Seguía a éste Noemí, avucastrito de ocho
eneros mal contados.
Completaba la familia Melquisedec, trastuelo de cinco
años, bizco, patizambo y jorobado; un verdadero
diablito.
Cuando Don Antonio estuvo ya aclimatado en las mazmorras del Santo
Oficio, empezaron los inquisidores a hurgarle la conciencia, y
después de aplicarlo un cuarto de rueda, sacaron en limpio
que los hijos del portugués no habían sido
bautizados por el cura de la parroquia, sino por su mismo padre y
a usanza de judíos.
Con la mitad de esto había más que suficiente
pretexto para enviar un hombre al quemadero; mas Balseyra dio
tales muestras de compunción, probando hasta la pared del
frente que había pecado por tonto y no por judío,
que el Santo Oficio, teniendo también en cuenta que la
hacienda del reo era pobre bocado, lo sentenció a abjurar
de levi y a salir por las calles de Lima en bestia de albarda,
con sambenito, coroza, pregonero y espantamoscas.

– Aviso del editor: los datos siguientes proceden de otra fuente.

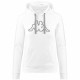 Women’s Hoodie Kappa White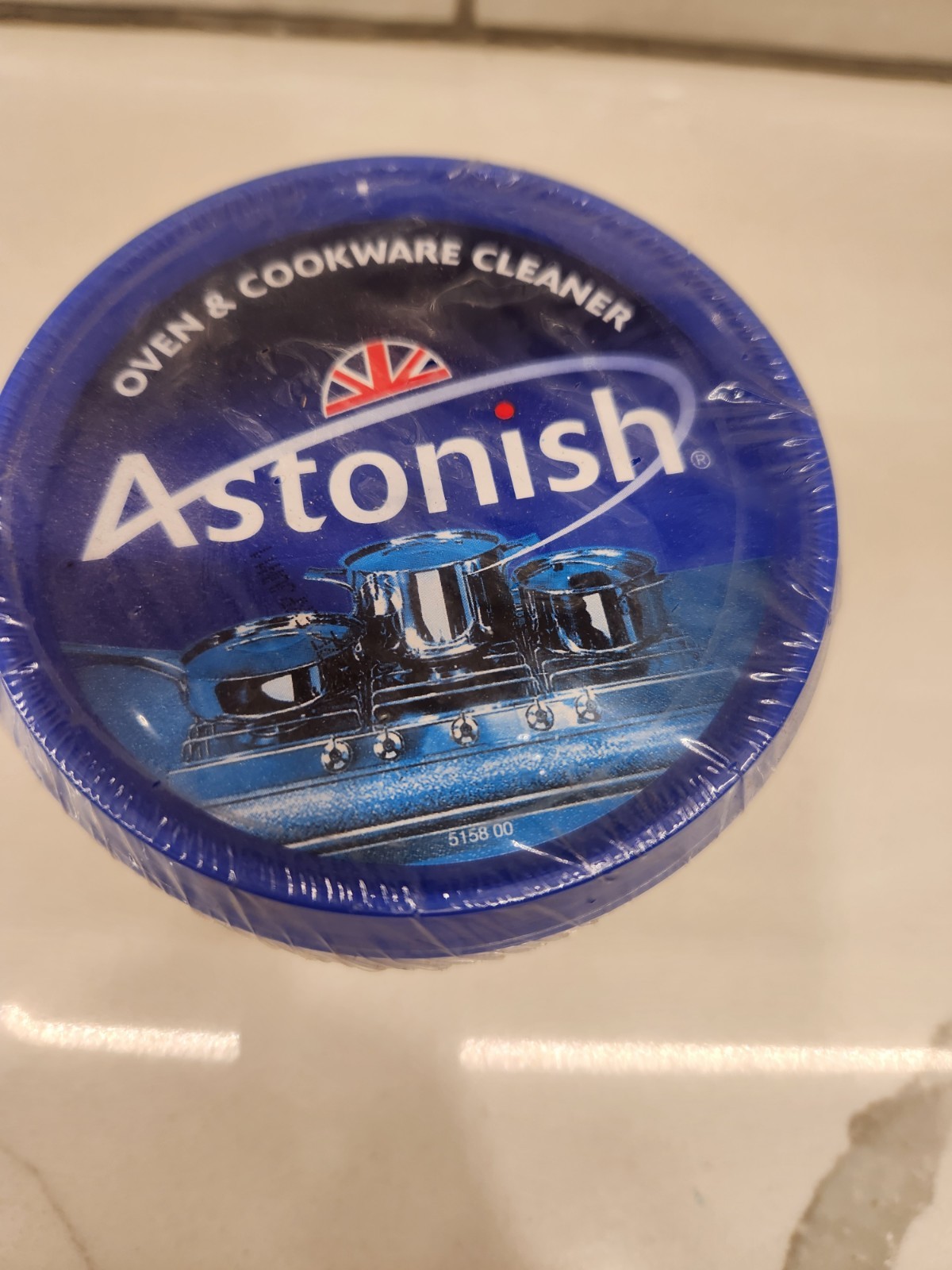 New Astonish Oven & Cookware Cleaner Cleaning Paste 500 g 17 Oz Sealed New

Ítem, llevaron a los muchachos a la capilla de la
Inquisición y se les cristianó en forma. A
Ezebelión le pusieron por nombre Felipe, Melquisedec se
convirtió en Tomás, y Noemí se
transformó en Carmencita.
El prójimo que, por mal de sus pecados, caía bajo
la férula del Tribunal de la fe, tenía tiempo para
pudrirse en la prisión antes de ver terminada su causa. El
proceso contra los portugueses duró más de tres
años; algo menos, es cierto, de lo que hoy dura un
pleitecillo en nuestros tribunales de justicia, donde al
litigante, entre abogado, escribano, procurador y papel sellado,
lo hacen pasar más torturas que los torniceros a un reo de
Inquisición.
Al día siguiente de relajados Manuel Bautista Pérez
y demás compañeros mártires, salió
Balseyra da Cota Pinheyro con otros infelices penitenciados a
público paseo en burro, con chilladores delante y
zurradores detrás.
Ezebelión y Melquisedec, que tenían de necios tanto
como de bellacos, se escaparon de la casa materna, curiosos de
ver la figura que el malhadado autor de sus días
haría montado en asno y con scelerata mitra en la
cabeza.
Cuando concluyó la función regresaron los muchachos
contentísimos a su casa, gritando:
-¡Señora madre, señora madre!
¡Qué buen mozo estaba señor padre vestido de
obispo! ¡Lástima que su merced no lo haya visto!